### [WHAT TO WORK ON]
Exact copy, no pictures: return only the lines below from the line with "ORFOFE Pack of" up to and including the line with "Liebeskind Berlin SADIE".

### [DATA FOR THIS EXERCISE]
.....

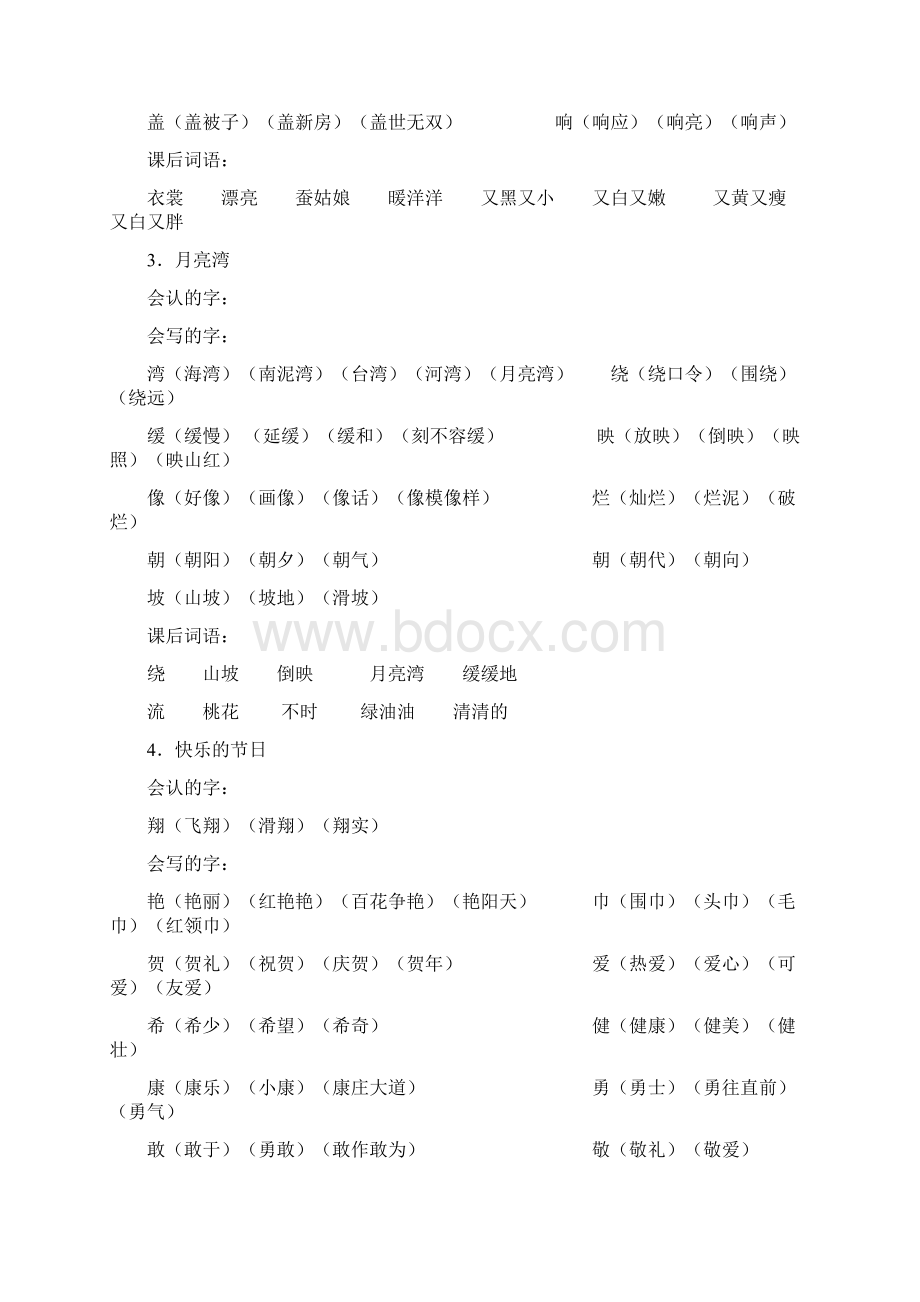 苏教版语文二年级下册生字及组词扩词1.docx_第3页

.....

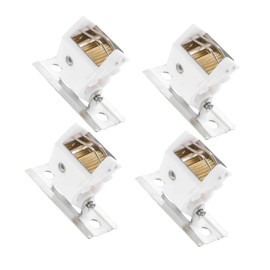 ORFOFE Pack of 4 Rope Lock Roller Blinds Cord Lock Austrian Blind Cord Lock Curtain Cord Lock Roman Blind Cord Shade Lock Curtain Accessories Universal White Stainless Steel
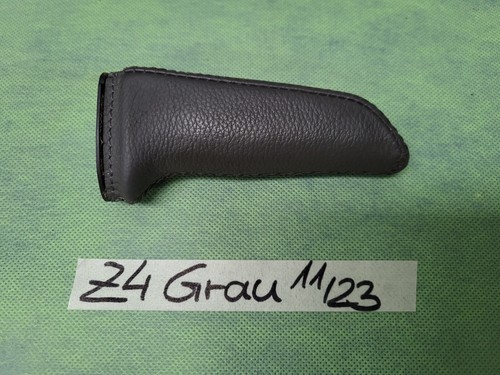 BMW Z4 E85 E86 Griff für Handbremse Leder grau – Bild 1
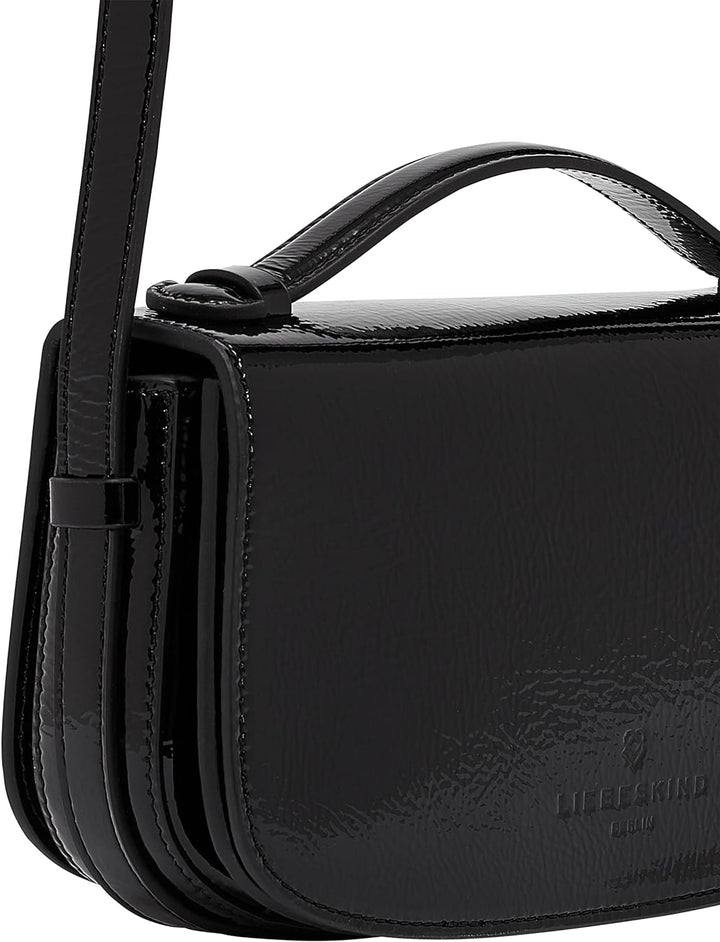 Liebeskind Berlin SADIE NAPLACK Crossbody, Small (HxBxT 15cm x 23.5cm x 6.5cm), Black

.....

### [RESPONSE AREA]
 ORFOFE Pack of 4 Rope Lock Roller Blinds Cord Lock Austrian Blind Cord Lock Curtain Cord Lock Roman Blind Cord Shade Lock Curtain Accessories Universal White Stainless Steel
 BMW Z4 E85 E86 Griff für Handbremse Leder grau – Bild 1
 Liebeskind Berlin SADIE NAPLACK Crossbody, Small (HxBxT 15cm x 23.5cm x 6.5cm), Black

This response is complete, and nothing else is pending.